Alliances dans la grande distribution : les mises en garde de l'Autorité de la concurrence

Dans un avis consultatif, l'Autorité de la concurrence liste des risques de pratiques "sensibles" susceptibles de tomber sous le coup du droit de la concurrence.
Aux grands distributeurs, l'Autorité de la concurrence propose une "grille d'analyse pour permettre aux intéressés de mieux appréhender les enjeux concurrentiels, et d'adapter, le cas échéant, leur comportement."

Son avis était très attendu. L'Autorité de la concurrence a remis son rapport sur les rapprochements opérés dans la grande distribution, mercredi 1er avril. Elle a relevé une série de risques pour la concurrence liés aux accords qualifiés de très "complexes" entre les centrales d'achat de Système U et Auchan d'une part, Casino et Intermarché d'une autre part; et enfin entre Carrefour et Cora. En voici les grande lignes.

  • "Prix d'achat"

Un risque majeur pour la concurrence: d'éventuelles ententes sur les prix à l'achat. "Les accords de coopération peuvent aussi entraîner une homogénéité des prix d'achat des principaux produits de grande consommation, voire des autres postes de coûts comme la logistique", note l'Autorité.

  • "Informations sensibles"

Puisque ces groupes se sont accordés pour réaliser une partie de leurs achats en commun, le premier risque concerne des échanges d'informations "sensibles" entre chaque partie. "Ces échanges peuvent permettre aux distributeurs de comparer non seulement les contreparties qu'ils proposent aux fournisseurs mais aussi les rémunérations qui leurs sont associées", indique l'autorité.

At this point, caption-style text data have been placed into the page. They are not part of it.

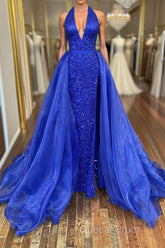 Gorgeous V Neck Mermaid Blue Sequins Long Evening Prom Dress, Mermaid Blue Formal Dress, Blue Evening Dress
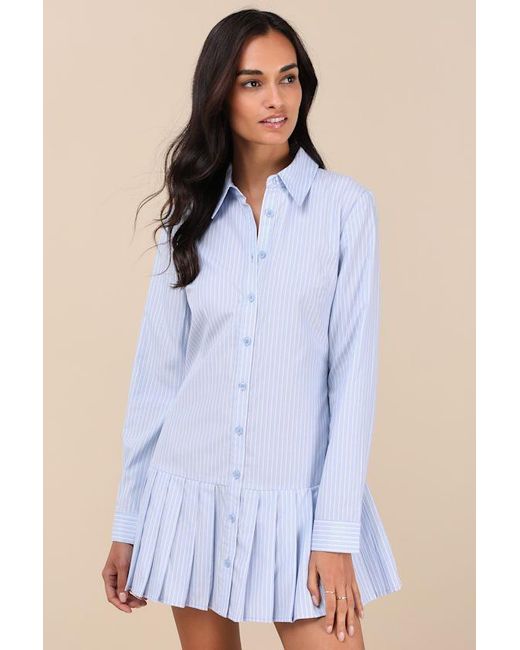 Lulus Blue Exquisite Poise Striped Collared Mini Dress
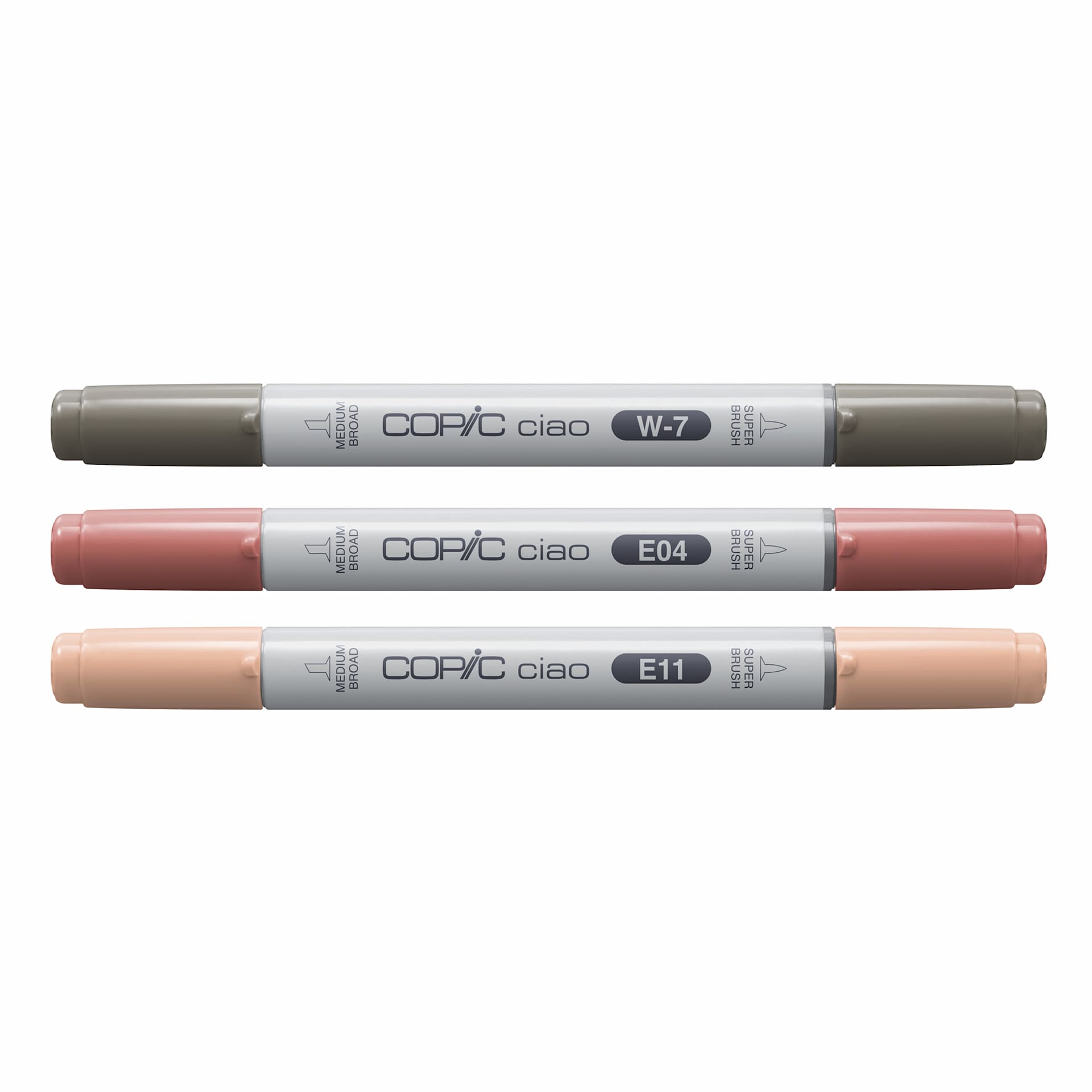 Copic Ciao Double Ended Markers - Layer & Mix Set of 3, Warm Palette, contents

Autrement dit, pour l'assortiment, le positionnement en rayon entre autres, les distributeurs alliés pourraient être incités à tirer l'offre vers le bas.

  • Mobilité des enseignes

Ensuite, de tels accords risquent de limiter l'émulation pour attirer de nouveaux affiliés dans les réseaux de distribution.

  • Risques pour dans la chaîne d'approvisionnement

En amont, des fournisseurs pourraient bien sûr souffrir de telles ententes si elles étaient avérées puisque cela contribuerait à faire pression sur leurs marges. Par effet domino, les sous-traitants de ces fournisseurs eux-mêmes seraient menacés "d'éviction" si leurs commandes se réduisaient en raison d'une baisse des volumes.

Autant d'effets qui se propageraient même aux fournisseurs non directement concernés par les alliances en raison de l'alignement sur les prix et contreparties du marché.

Marges "stables" pour Carrefour

Pour rappel, ces alliances réalisées entre l'automne et le début de l'hiver 2014 visaient pour les distributeurs à peser davantage dans les négociations afin de préserver des marges rognées par une intense guerre des prix. A propos des marges des distributeurs, l'Autorité de la concurrence, qui a mené une vingtaine d'auditions, précise:

"Les groupes Auchan, Casino, Cora, Intermarché et Système U ont enregistré globalement une diminution de leurs marges sur l'année 2014, tandis que celles du groupe Carrefour sont restées relativement stables."

Une consultation

Cet avis, rappelle l'Autorité, n'est que consultatif, et seule la voie contentieuse (bien plus longue) pourrait aboutir à d'éventuelles sanctions.

Elle avait été saisie en octobre 2014 par le ministre de l'Economie qui avait sollicité son avis sur les enjeux en matière de concurrence. Plusieurs organisations de fournisseurs et plus récemment le patron de Nestlé-France ont dénoncé ces rapprochements, estimant que les distributeurs imposaient des conditions très difficiles à tenir pour les fournisseurs.